Information provided:
*** Begin section ***

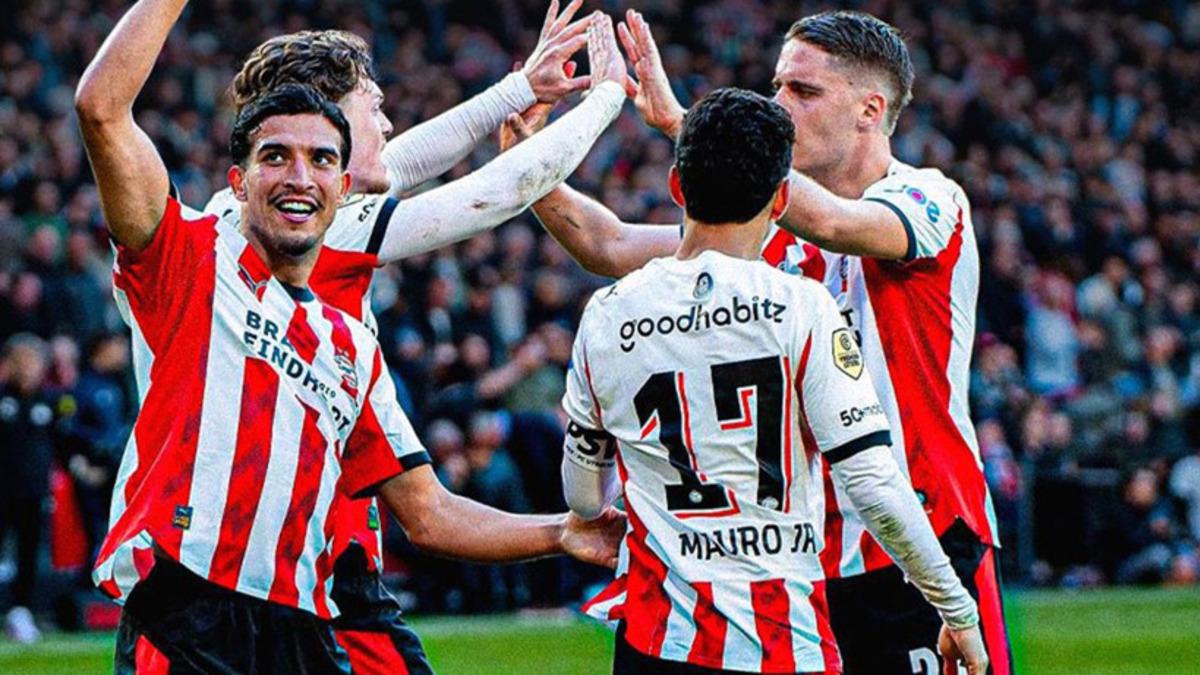 B&ouml;ylesi g&ouml;r&uuml;lmedi! Hollanda da PSV bitime 5 hafta kala şampiyonluğunu ilan etti 1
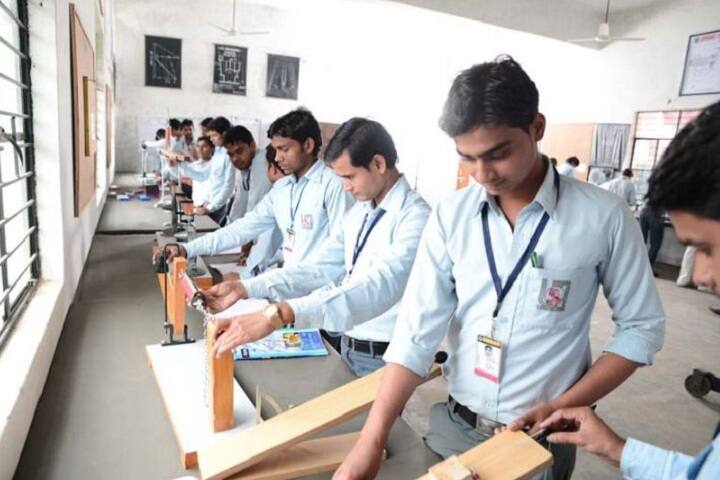 Umrao Technological Institute Polytechnic campus in Fatehpur, Uttar Pradesh, India — photo 4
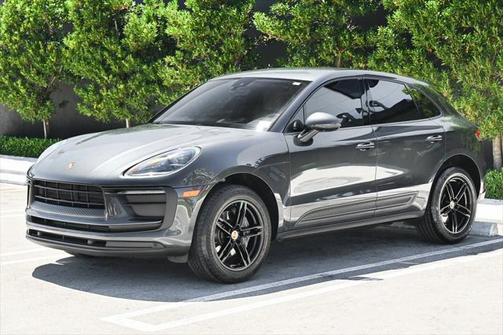 2022 Porsche Macan Base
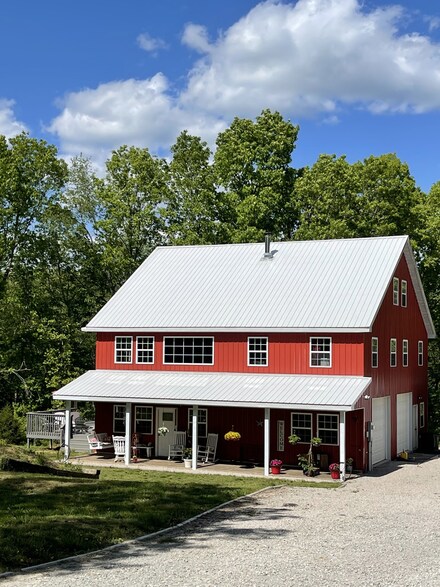 627 Switzerland Rd, Hohenwald, TN 38462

*** End section ***

Work required:
Reproduce the lines of the data that run from the one containing "2022 Porsche Macan Base" to the final line, both included, exactly as they appear and without the pictures.

Task response:
 2022 Porsche Macan Base
 627 Switzerland Rd, Hohenwald, TN 38462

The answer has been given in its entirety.